Although some Federal agencies, particularly the Cybersecurity and Infrastructure Security Agency (CISA) at the Department of Homeland Security (DHS), have made significant improvements over the last few years, at least three factors impede government-wide progress. First, cybersecurity’s cross-cutting nature does not fit with the U.S. government’s bureaucratic structure. Second, agencies are not incentivized to sustain the degree of coordination required for effective cybersecurity. Third, a lack of central leadership hinders effective incident response. No single policy action will solve these problems, but creating a National Cyber Director along the lines of what the Cyberspace Solarium Commission recommends would be a good start.
Bureaucracies prefer issues that fit neatly into one organization’s mission. Cybersecurity is almost the exact opposite. It is a national security, military, intelligence, economic, public safety, privacy, diplomatic, law enforcement, business continuity, and internal management issue all rolled into one. It touches all federal agencies, with many of them a legitimate role in cybersecurity. Thus, cybersecurity is too broad for any single agency’s remit. Further, a normal bureaucratic response to such a situation, creating a “Department of Cybersecurity,” will not work either; cybersecurity is too integral to too many agency’s missions to centralize those functions in one department.

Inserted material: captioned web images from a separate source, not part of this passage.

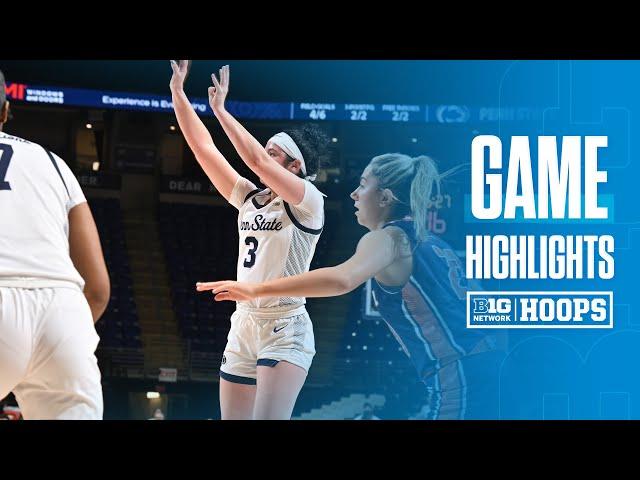 Bucknell at Penn State | Highlights | Big Ten Women's Basketball | 11/04/2024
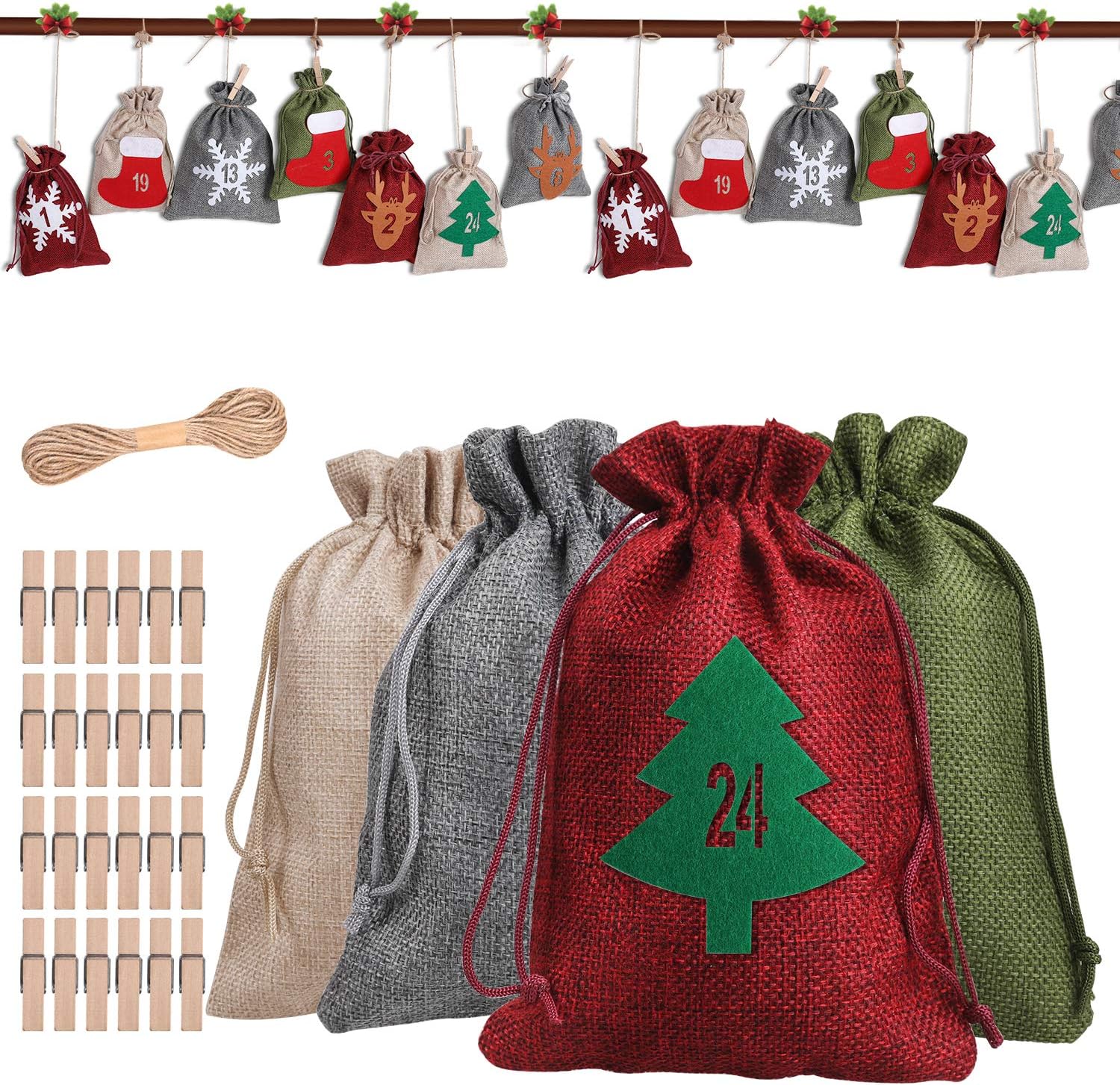 Adventskalender zum Befüllen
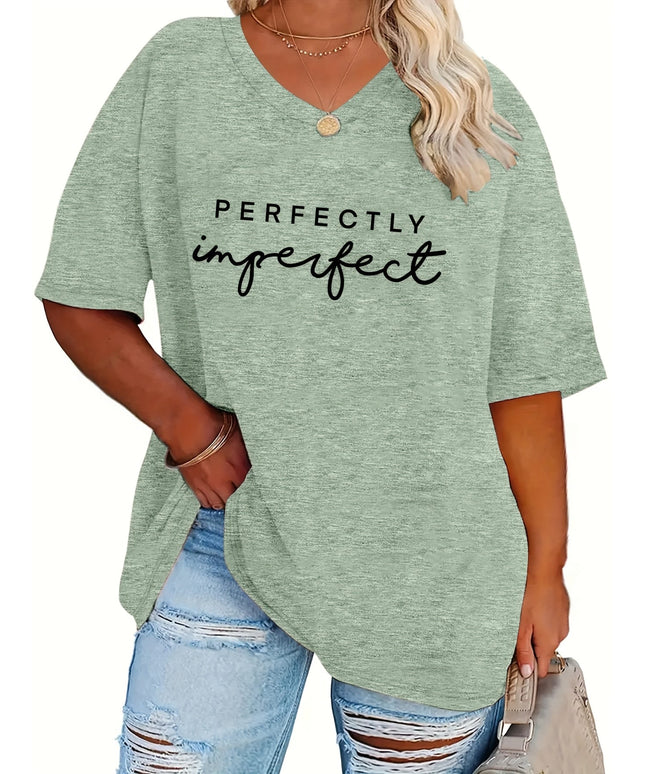 jkthpu-45 Plus Size, Women's Plus Size Oversized T-Shirt -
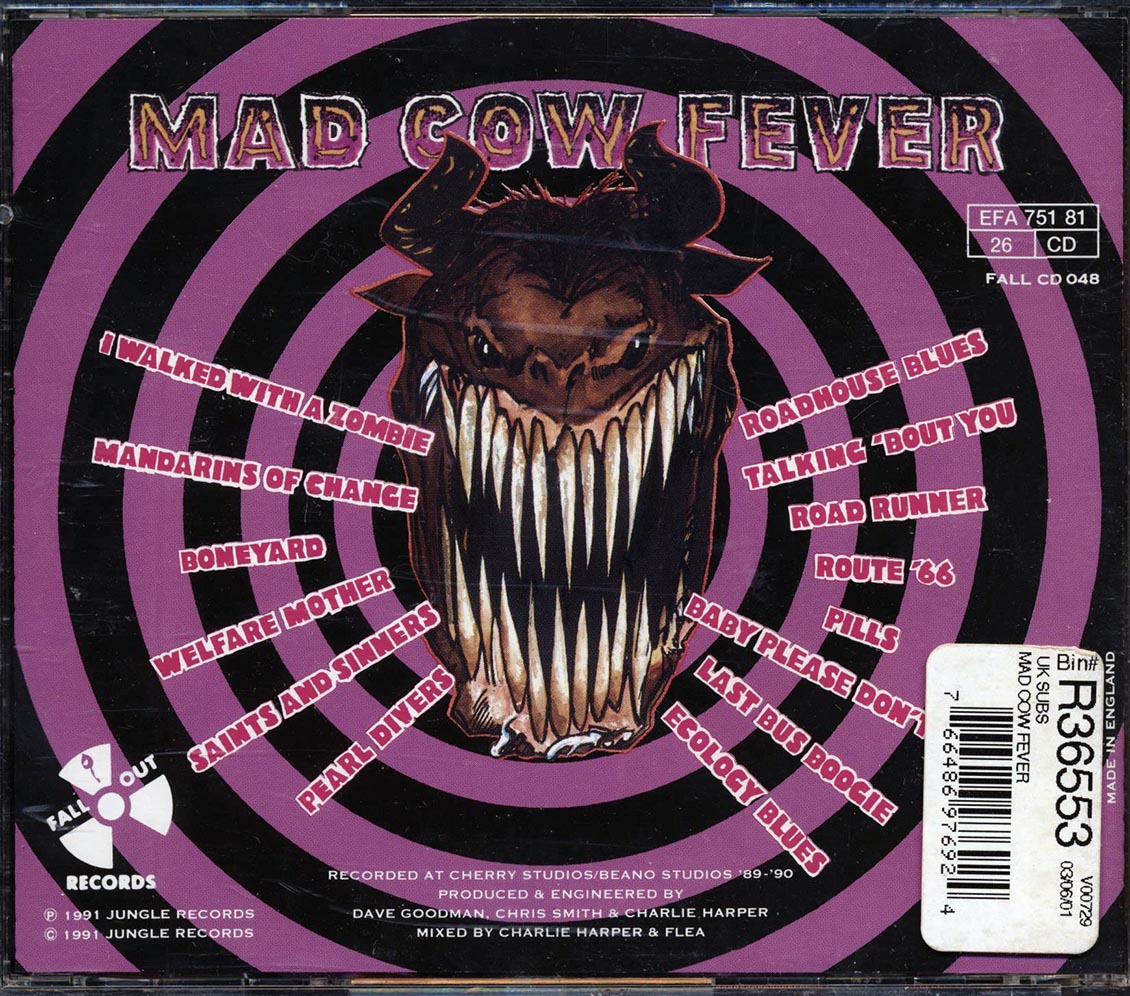 UK Subs - Mad Cow Fever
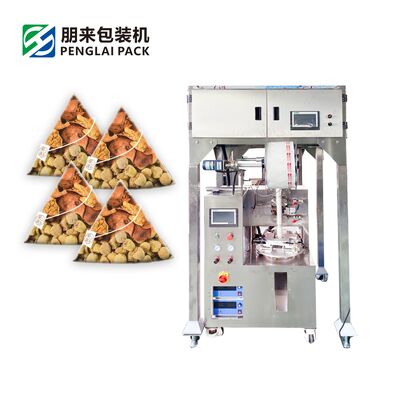 Full Automatic Factory Wholesale Triangular Green Black Flower Tea Bag Packaging Machine 
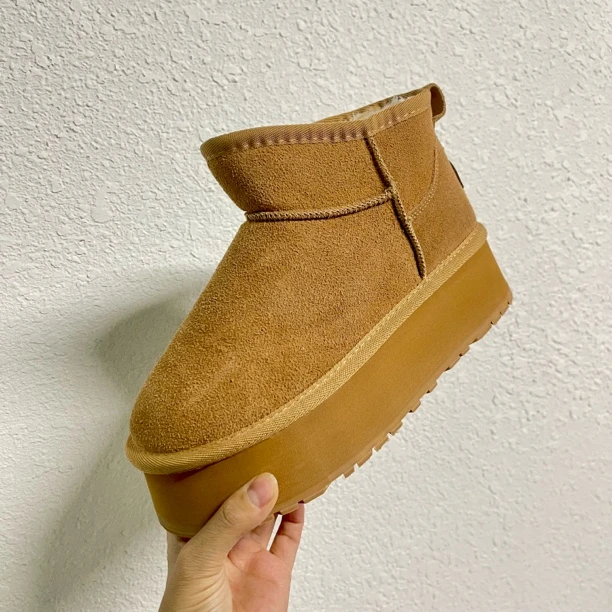 AsmiyBB小号 5908 厚底防滑雪地靴女冬季保暖加绒加厚棉鞋棉靴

At the same time, cybersecurity’s different aspects are not independent — they interact with each other, sometimes in unexpected ways. Military cyber operations can disrupt intelligence activities or law enforcement investigations. Treasury sanctions could upset diplomatic negotiations. DHS personnel focus on mitigation, while the Federal Bureau of Investigation and Department of Justice concentrate on prosecution. Network defenders want information from the private sector, but many are worried about regulatory action if they share. Welding these disparate activities into an effective whole requires intense, regular, sustained inter-agency coordination. This coordination does not occur naturally in government: personnel have limited incentives to coordinate activities across departmental and agency lines. That’s not a moral failure or laziness, but the reality of human psychology.